In emails throughout 2021, however, career officials at the GSA outlined to Trump’s aides what could and could not be included in the shipments GSA would send to Florida – underscoring that the federal agency was relying on Trump’s aides to assess the contents being shipped.

While the transition team worked with the GSA to facilitate the move, concern inside the National Archives over missing presidential documents was growing. The National Archives alerted Trump’s lawyers in May 2021 that Trump’s letters with North Korean leader Kim Jong Un – and two dozen boxes of records – were missing.

But documents were never raised in the logistics email exchanges.

Instead, they focused at times on what items could and could not be shipped to Florida on the federal government’s dime. In particular, a 300-pound portrait of Trump that had been gifted to the former President led to multiple rounds of back and forth, with the GSA ultimately declining to ship the item, deeming it “personal property.”

At one point, the GSA outgoing transition director sent the Trump aides guidance on what was allowed to be sent.

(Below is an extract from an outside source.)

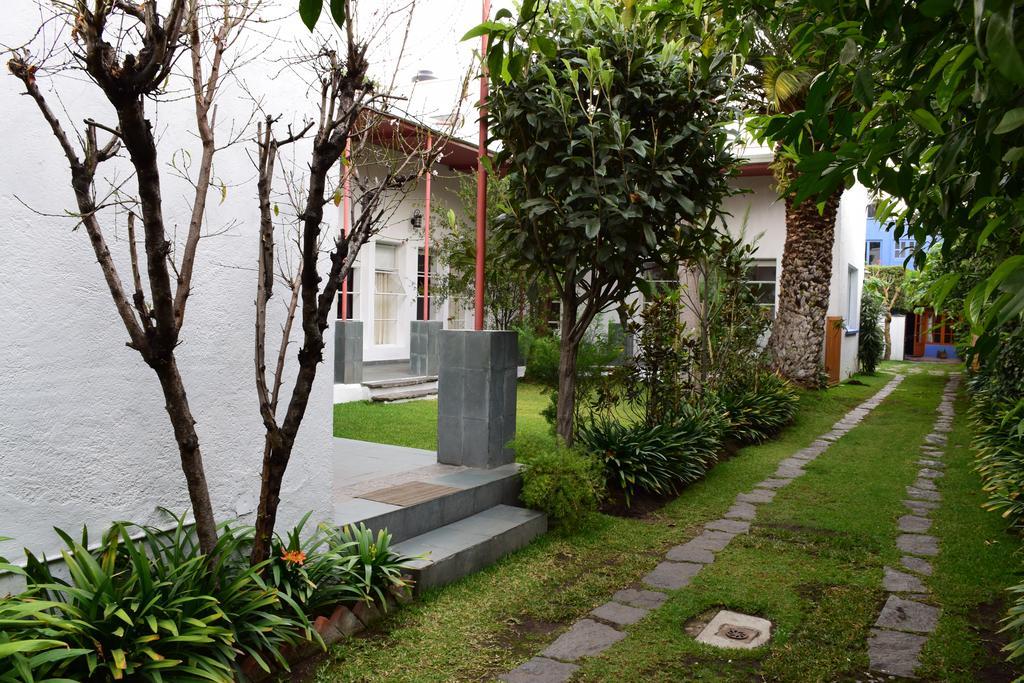 La Casa De Las Magnolias Hotell Coyoacan Exteriör bild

“If the item is considered property of the Former President then it should not be shipped using Transition Funds. If the item is considered property of the Federal Government then it should go to NARA or GSA,” Kathy Geisler wrote in an email and attached the guidance on gifts. “I just wanted to make sure we had an understanding of what you are allowed to ship using Transition funds.”

The gigantic portrait was sent to an aide’s home to eventually ship to the former President’s resort.

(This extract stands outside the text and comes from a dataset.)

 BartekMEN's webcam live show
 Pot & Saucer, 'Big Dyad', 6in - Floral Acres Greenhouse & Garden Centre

In the email exchange, Trump’s director of correspondence Desiree Thompson Sayle asked Geisler to point out where in the federal code she was referring to. “I want to ensure that we are in compliance, and the attached appears to be general guidance on what gifts (foreign and domestic) can be accepted by a government employee or elected official,” she wrote.

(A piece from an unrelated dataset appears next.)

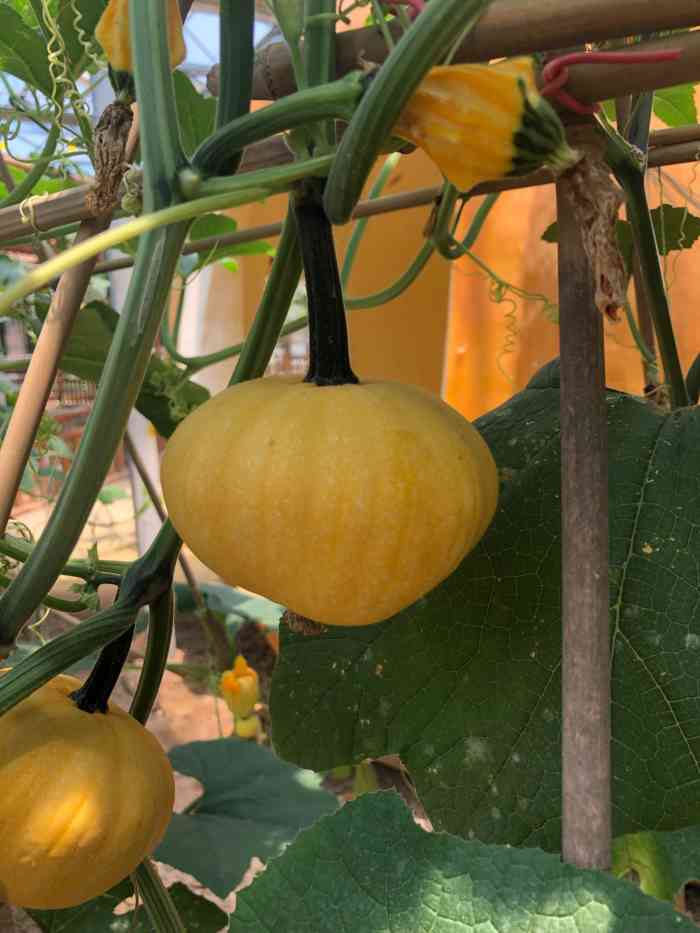 老宋瓜王采摘园-"去的不是时候,没什么可看的,买个瓜吃贵不.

“Working with NARA and GSA, I am in full compliance with the final disposition of gifts. So much so, we are loading the large portrait received after the 21st on a Penske truck to transport to my house so I can put it on my moving van,” Sayle added.

It wasn’t until mid-January – just nine days before President Joe Biden’s inauguration – that Trump’s staff began setting up a post presidential life for the former President following a plan signed off on by former chief of staff Mark Meadows. Following the same pattern of past presidential transitions, GSA would provide the funds and support to help with the transition and setting up a post-presidential office.

Around the time Meadows signed the plan, White House aides described a chaotic and unsure environment with a President more focused on overturning the 2020 election than beginning his next chapter. These circumstances lead to a delayed, unorganized and nontraditional transition, made apparent in the trove of emails.

The chaotic environment continued after Trump vacated the White House. In July 2021, a flurry of late-night emails show staff scrambling unsuccessfully to get the boxes sent off on the final night the outgoing team would be allowed to use transition funds to assist the move, eventually having to use other resources.

After the boxes were to be picked up and Trump’s team had long gone to Florida, there was yet another snag in August – one pallet was the wrong size and couldn’t fit on the freight elevator. The event delayed the delivery again, the emails show, and resulted in an intern being flown back from the Sunshine State to repack the pallets and prepare them to be sent to Mar-a-Lago, where they finally arrived mid-September.

“My intern is flying back to DC tomorrow, and he can repack the pallets in Crystal City,” Sayle wrote to GSA. “Before I send him to pick up a roll of shrink wrap from Uhaul and plan to head over, can you tell me if there is AC on the 12th floor?”
CORRECTION: This story has been updated to correctly reference the General Services Administration.